I now want to show that
$$\langle(g, h^0)\rangle, \langle (g, h) \rangle, \langle (g, h^2) \rangle, ..., \langle (g, h^{p-1})\rangle, \langle (g^0, h) \rangle$$
are already all of the subgroups of order $p$ of the group $G \times H$.
Now I must admit that I couldn't really get started so far. I can see that each of the subgroups of $G \times H$ listed above are indeed of order $p$. (Because $ord(g) = ord(h) = p$, and $ord(h^k), ord(g^k) ≤ p$ for $k \in \mathbb{N}$, and each of the generators has either $g^1$ or $h^1$ in one of it's components.)
Because $p$ is prime, we have that $g^k$ is a generator of $G$ aswell for all $k \in \mathbb{N}$, unless $g^k = e_G$, I believe. (Because for a generator $g$ of $G$ with order $n$, we have that $g^i$ is a generator iff $i$ and $n$ are co-prime and $g^i ≠ e_G$, I think?)

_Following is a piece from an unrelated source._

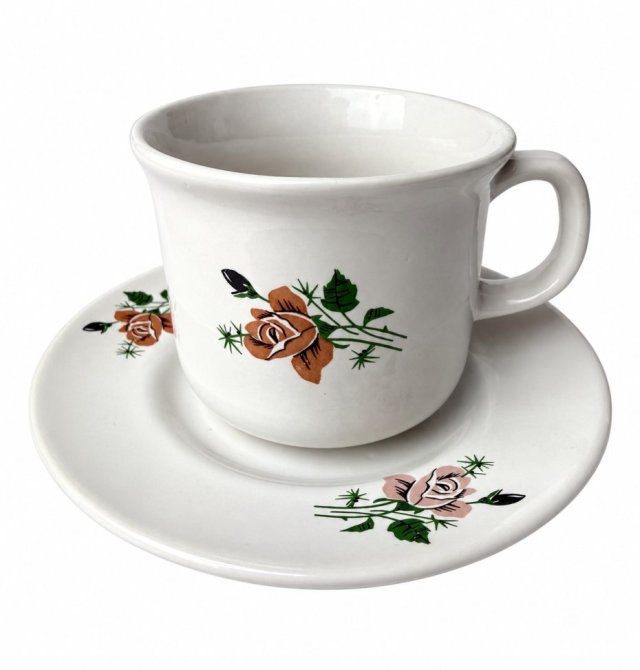 Filiżanka ze spodkiem Tułowice PRL porcelit róże vintage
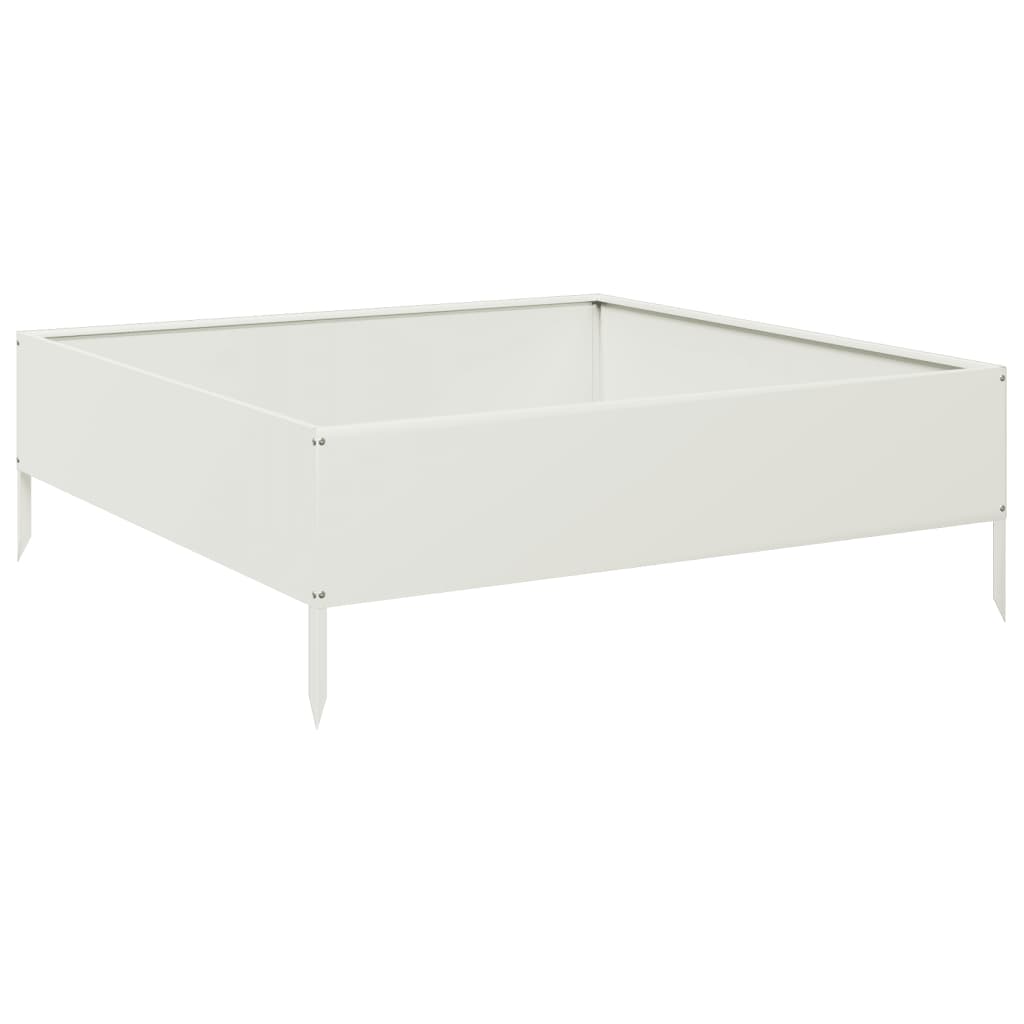 VIDAXL -Pflanzer erhoben 100x100x33,5 cm Stahlweiß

I don't really know how to continue from there in order to show that the list above already features all subgroups of $G \times H$ of order $p$, i.e. that there are no other ones than the ones given in the list above.
$G\times H$ has $p^2$ elements. One of them is the identity, all the others have order $p$. An element of order $p$ is contained in a unique subgroup of order $p$, and each such subgroup contains $p-1$ elements of order $p$. It follows that there are $\frac{p^2-1}{p-1}=p+1$ subgroups of order $p$. As you have exhibited $p+1$ of them already, it suffices to check that they are distinct.
This is easy. For example, consider which elements of the form $(g,h^a)$ they contain. The first $p$ of them contain a unique such, with the value of $a$ always being different, whereas the last one doesn't even contain such an element.